## Available data

____

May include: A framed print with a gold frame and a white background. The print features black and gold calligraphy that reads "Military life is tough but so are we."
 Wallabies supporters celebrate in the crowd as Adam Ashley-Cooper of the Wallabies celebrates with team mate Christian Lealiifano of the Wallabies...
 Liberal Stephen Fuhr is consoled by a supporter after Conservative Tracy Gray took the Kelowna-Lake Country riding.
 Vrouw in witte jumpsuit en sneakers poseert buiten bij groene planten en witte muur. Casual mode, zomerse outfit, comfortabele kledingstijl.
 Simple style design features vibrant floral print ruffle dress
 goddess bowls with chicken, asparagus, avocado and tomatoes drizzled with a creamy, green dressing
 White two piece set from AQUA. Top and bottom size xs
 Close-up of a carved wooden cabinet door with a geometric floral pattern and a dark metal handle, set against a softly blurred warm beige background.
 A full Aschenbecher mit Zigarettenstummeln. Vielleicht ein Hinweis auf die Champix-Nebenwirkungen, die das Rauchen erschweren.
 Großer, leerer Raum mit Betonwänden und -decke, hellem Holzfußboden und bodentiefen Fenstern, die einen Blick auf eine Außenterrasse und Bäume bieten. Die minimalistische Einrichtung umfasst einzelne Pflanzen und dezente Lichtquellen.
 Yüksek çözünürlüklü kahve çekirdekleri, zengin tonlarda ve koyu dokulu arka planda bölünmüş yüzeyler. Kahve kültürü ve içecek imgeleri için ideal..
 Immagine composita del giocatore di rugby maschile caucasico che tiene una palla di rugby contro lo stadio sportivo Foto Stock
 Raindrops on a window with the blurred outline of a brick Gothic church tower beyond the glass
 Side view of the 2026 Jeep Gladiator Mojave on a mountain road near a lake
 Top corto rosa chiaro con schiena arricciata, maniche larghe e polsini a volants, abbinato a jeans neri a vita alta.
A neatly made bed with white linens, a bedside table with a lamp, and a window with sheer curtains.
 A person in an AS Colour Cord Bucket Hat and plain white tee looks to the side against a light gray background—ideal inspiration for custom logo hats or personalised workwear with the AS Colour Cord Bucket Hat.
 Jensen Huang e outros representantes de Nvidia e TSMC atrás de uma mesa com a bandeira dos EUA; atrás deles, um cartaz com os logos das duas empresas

____

## Description of the task
Scan the material above. Extract every line in which the word "floral" occurs.

## Exercise result
 Simple style design features vibrant floral print ruffle dress
 Close-up of a carved wooden cabinet door with a geometric floral pattern and a dark metal handle, set against a softly blurred warm beige background.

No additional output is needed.